Thames Tunnel Threat to Homefield Rec

Park earmarked for massive engineering shaft

Representatives of the the Thames Tideway Strategy group revealed at last night's Chiswick Area Committee meeting that Homefield Recreation Ground had been identified as a possible site for a major engineering project.

The park has been earmarked for a shaft to be built which would be the entry point for the construction of a massive tunnel under the Thames. The size of the project is likely to mean that the open space would become a construction site for several years. This tunnel has been proposed as a result of the overflow of sewage into the Thames this August which led to the death of a massive number of fish.

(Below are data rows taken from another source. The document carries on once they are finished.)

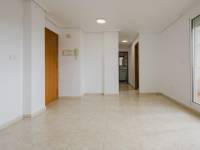 Reventa - Apartamento - Torrevieja - NUEVA TORREVIEJA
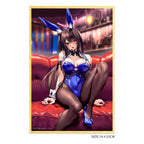 Original Character - Shy Girl Minazumi Kasane Normal Edition 1/6 Scale Statue – Bild 2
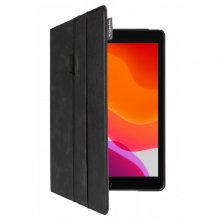 Gecko Business Cover Negra para Apple iPad 10.2 (2019) en PcComponentes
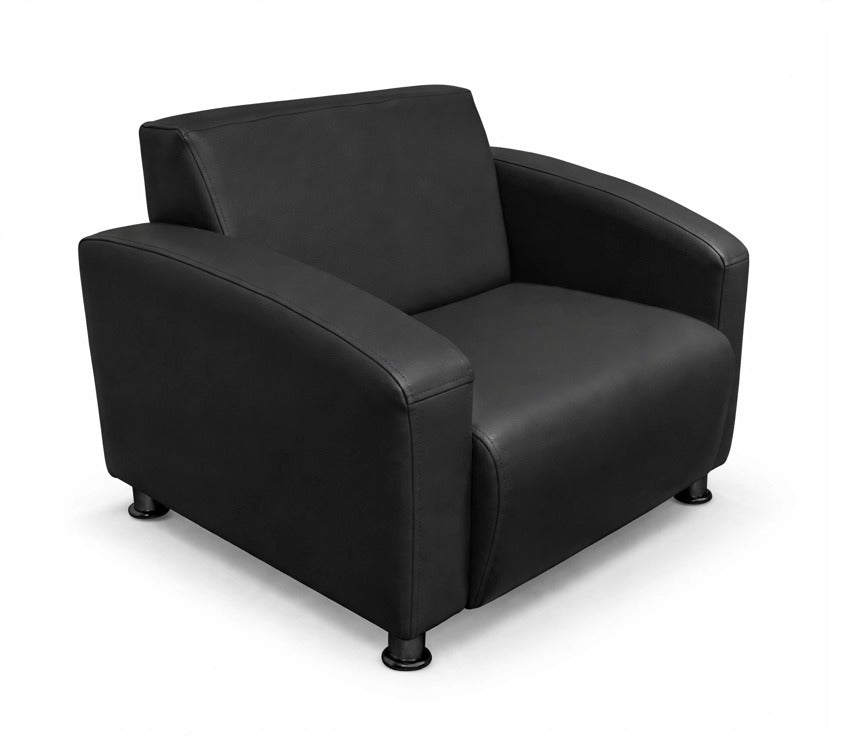 HELMET 1 Plaza | IPEG GROUP
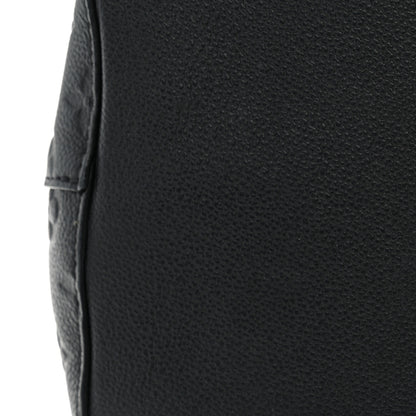 Louis Vuitton Empreinte Neonoe MM Black 12 of 12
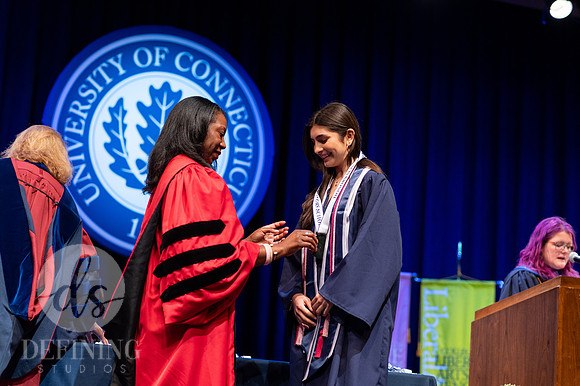 Honors_Medals_2025_0862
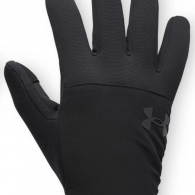 Manusi Under Armour Storm Gloves thumbnav 3
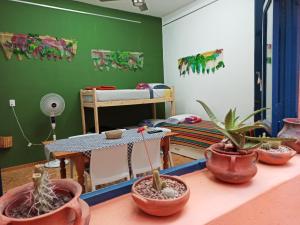 BELLA CASA 110m2 - CENTRO - PATIO - PARRILLA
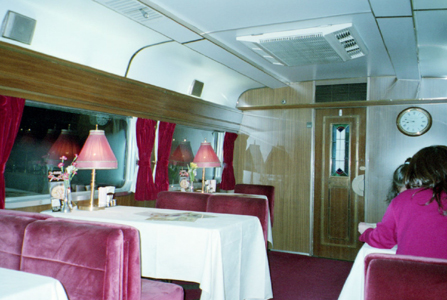 f:id:mykeloz:20190903075859j:plain f:id:mykeloz:20190903075859j:plain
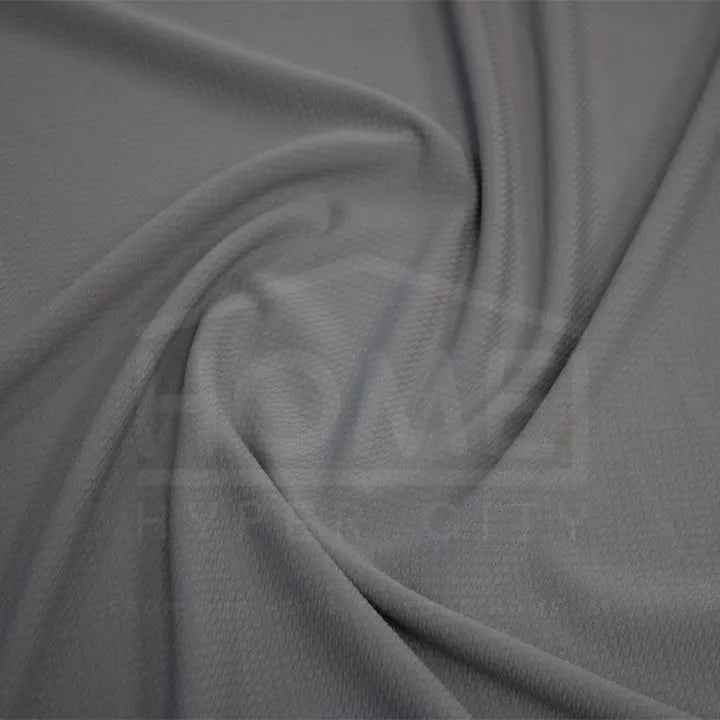 Stretch Bullet Fabric — 150cm Wide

The project involves the building of a 35km tunnel, 80m underground which would end the necessity to pump sewage into the Thames at times of heavy rainfall. Homefield Recreation Ground has been identified as the only piece of open ground suitably sited for the construction of the shaft.

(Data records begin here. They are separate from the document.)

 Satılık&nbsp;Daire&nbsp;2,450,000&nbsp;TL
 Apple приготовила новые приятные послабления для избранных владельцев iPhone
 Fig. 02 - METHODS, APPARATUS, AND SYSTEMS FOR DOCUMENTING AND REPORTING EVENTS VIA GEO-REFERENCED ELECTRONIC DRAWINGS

The Thames Tideway Strategy is a three-year project set up to assess the environmental impact of sewage discharges into the River Thames during major storm conditions, and to identify, consider, and cost possible solutions to the issue. The strategic study is a joint initiative by Thames Water, the Environment Agency, DEFRA, Ofwat and the GLA. Their verbal presentation made no specific mention of the Homefield plans but a sharp eyed resident at the meeting spotted the reference to the park on the plans on the slide presentation and the group's spokesman confirmed this element of the scheme.

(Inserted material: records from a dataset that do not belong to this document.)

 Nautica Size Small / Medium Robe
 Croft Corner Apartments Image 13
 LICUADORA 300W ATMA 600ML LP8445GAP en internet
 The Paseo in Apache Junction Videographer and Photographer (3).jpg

The Government has yet to make a decision on whether the scheme is to proceed. The total cost at today's prices would be £1.5 billion which it is widely thought that the Government would be unwilling to fund. The cost to Thames Water customers if they were asked to fund the project is estimated to be £40 per customer. Thames Water are asking for funding from the Government on the basis that the tunnel would serve 7 of the poorest boroughs in the country.